(Data records)

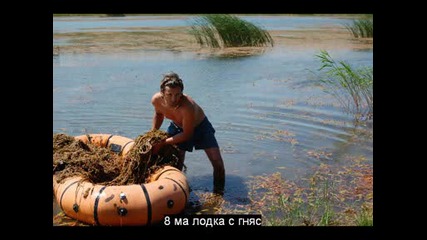 Каламица състезание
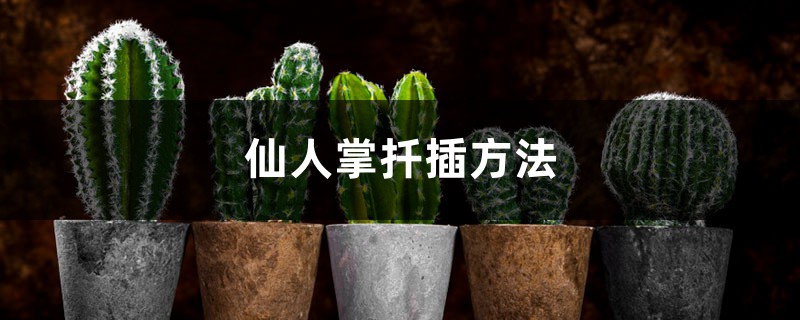 仙人掌扦插方法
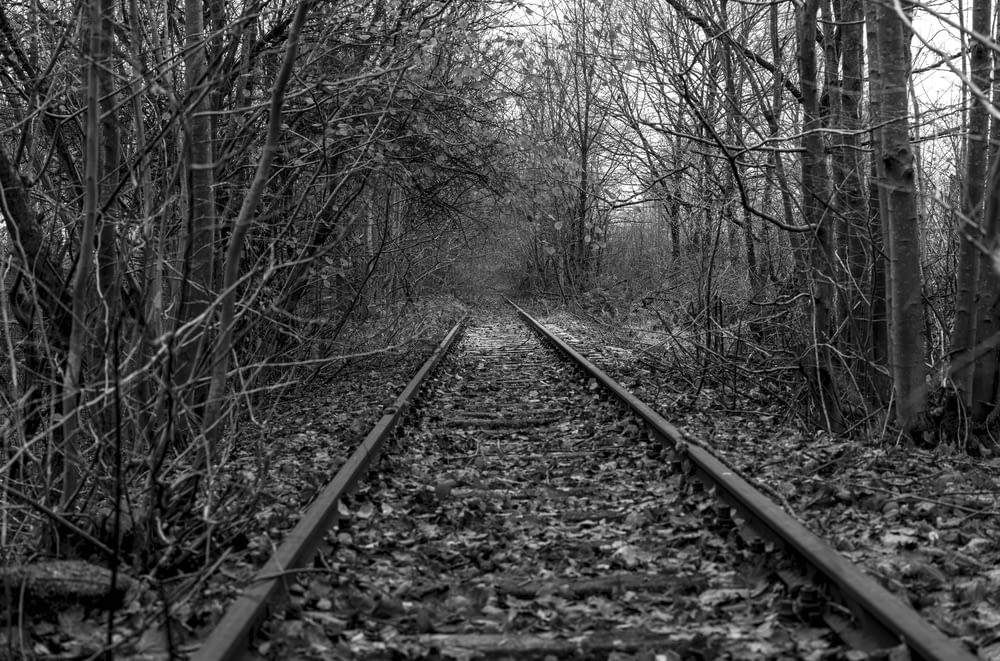 a black and white photo of a train track in the woods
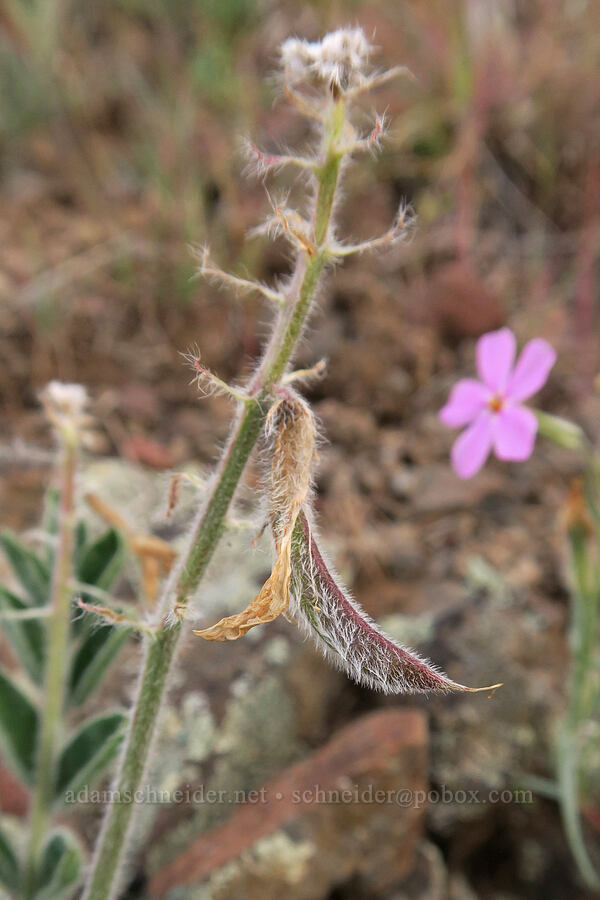 shaggy milk-vetch seed pod (Astragalus malacus) [Owyhee Lake Road, Malheur County, Oregon]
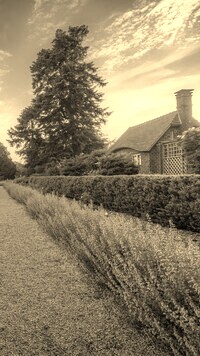 Szary + Sepia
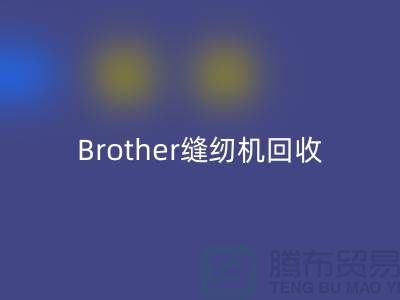 Brother缝纫机MK体育(MKsports集团)股份公司厂家，缝纫机MK体育(MKsports集团)股份公司多少钱一台_上海腾布贸易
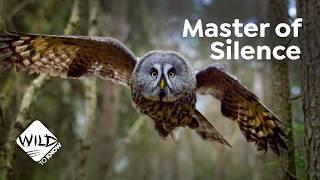 Owls' Silent Flight Experiment: How Can Owls Hunt in Silence Mode?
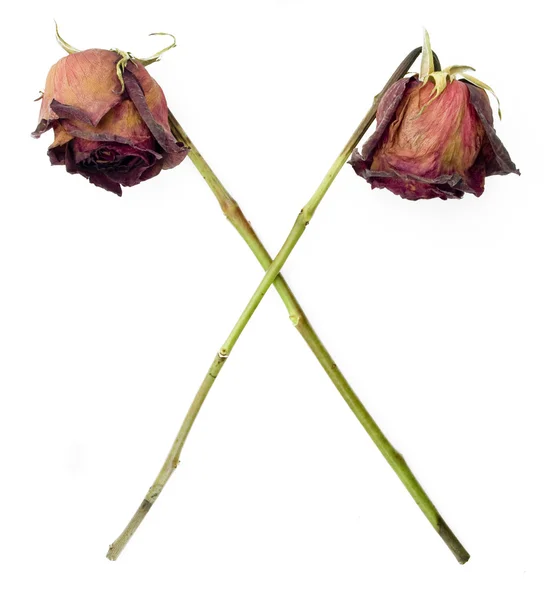Oude gedroogde rozen in een kruis symbool agains — Stockfoto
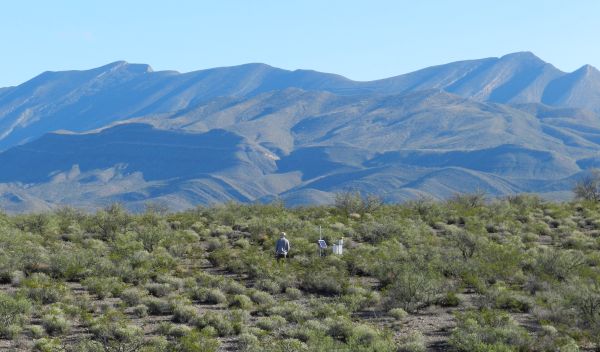 Lead study author Adam Schreiner-McGraw conducts field research in New Mexico's Chihuahuan Desert.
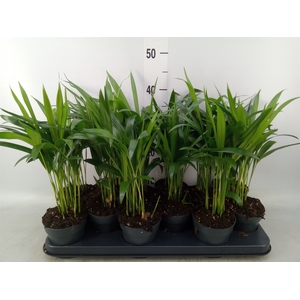 Dypsis lutescens   ...Chrysalidoca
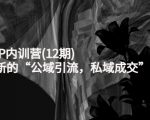 新媒体IP内训营(12期)，一套全新的“公域引流，私域成交”IP打法，直接带走-副业宇宙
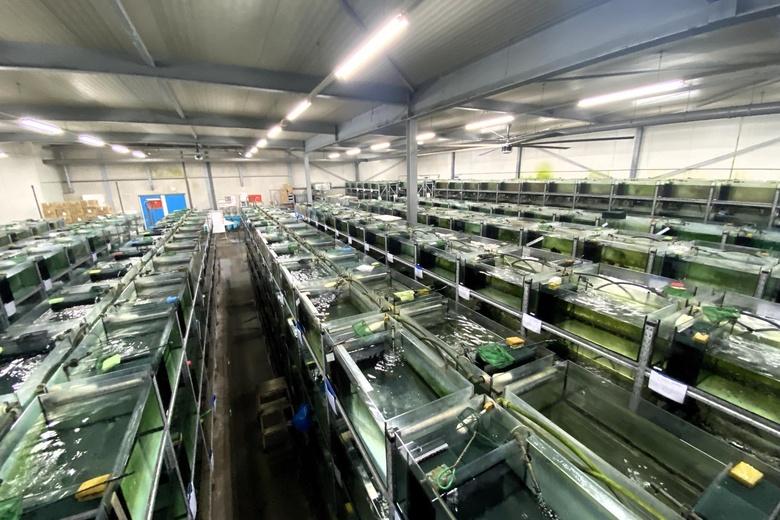 BedrijfsruimteaanArtemisweg 173<br/> inLelystad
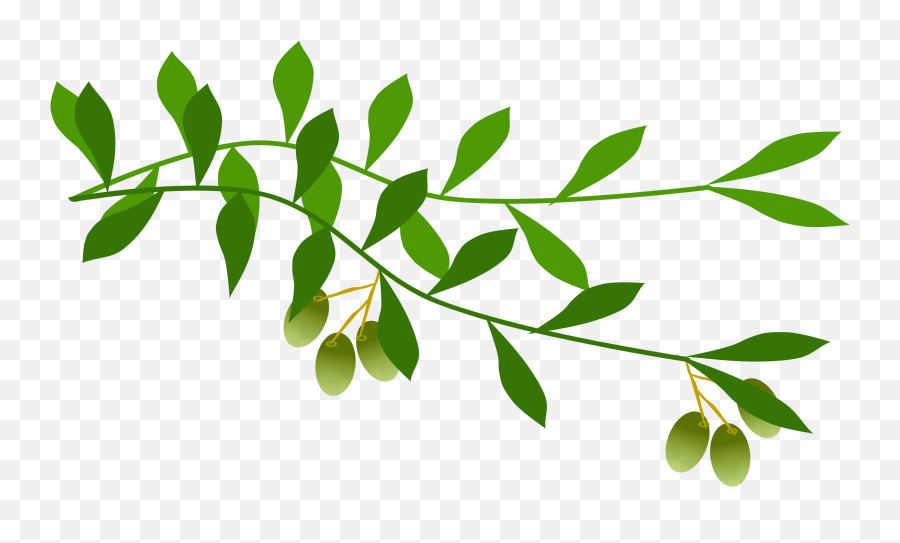 Olive Branch Clipart Png - Clipart Olive Branch Transparent Background Emoji,Olive Branch Emoji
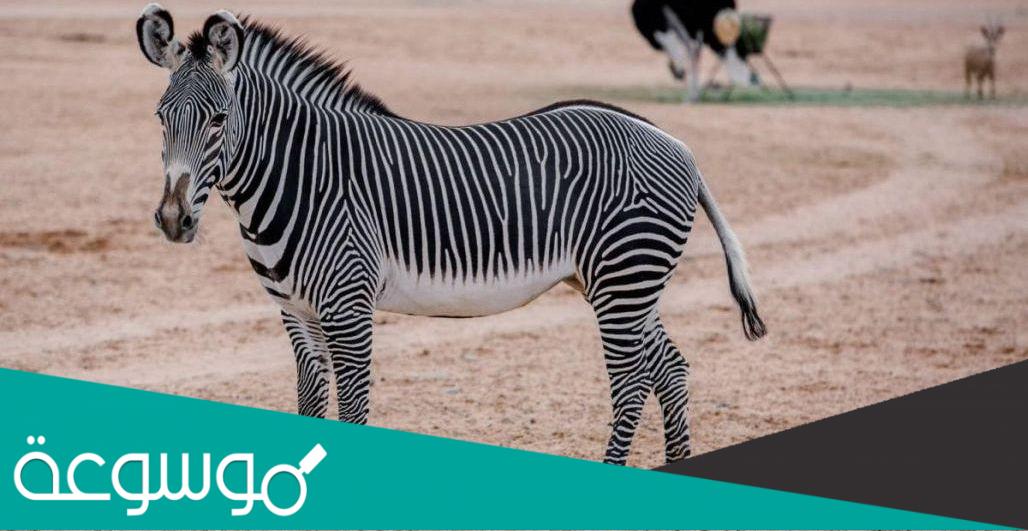 حجز تذاكر رحلة سفاري الرياض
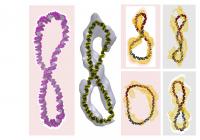 Structure of Supercoiled DNA (2 of 2)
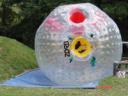 dsc01204.thumbnail.JPG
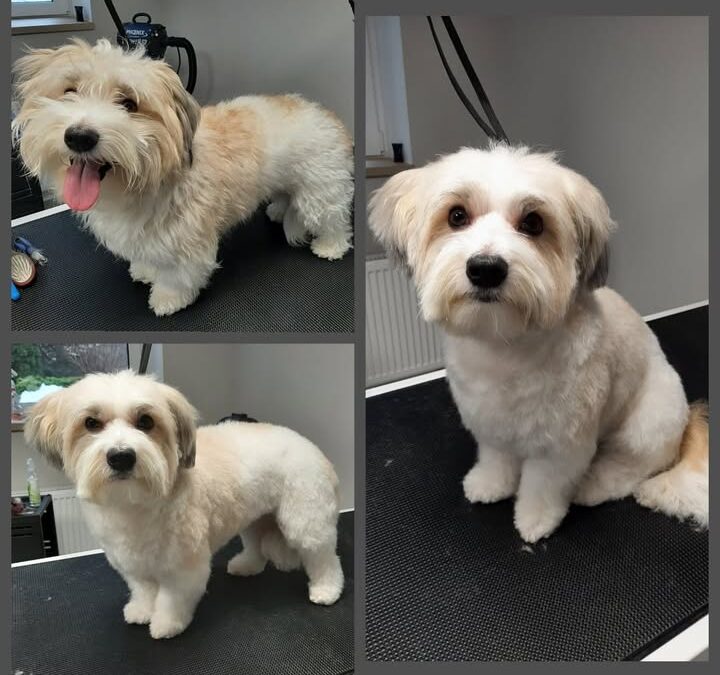 Groomerskie metamorfozy Najlepszego Przyjaciela 🐶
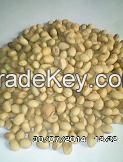 Soybean Seeds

> WORK INSTRUCTION
When you reach the line containing "shaggy milk-vetch seed" in the entries above, begin restating word for word, and stop once the line containing "Olive Branch Clipart" has been given. Omit the pictures.

> EXERCISE RESPONSE
 shaggy milk-vetch seed pod (Astragalus malacus) [Owyhee Lake Road, Malheur County, Oregon]
 Szary + Sepia
 Brother缝纫机MK体育(MKsports集团)股份公司厂家，缝纫机MK体育(MKsports集团)股份公司多少钱一台_上海腾布贸易
 Owls' Silent Flight Experiment: How Can Owls Hunt in Silence Mode?
Oude gedroogde rozen in een kruis symbool agains — Stockfoto
 Lead study author Adam Schreiner-McGraw conducts field research in New Mexico's Chihuahuan Desert.
 Dypsis lutescens   ...Chrysalidoca
 新媒体IP内训营(12期)，一套全新的“公域引流，私域成交”IP打法，直接带走-副业宇宙
 BedrijfsruimteaanArtemisweg 173<br/> inLelystad
 Olive Branch Clipart Png - Clipart Olive Branch Transparent Background Emoji,Olive Branch Emoji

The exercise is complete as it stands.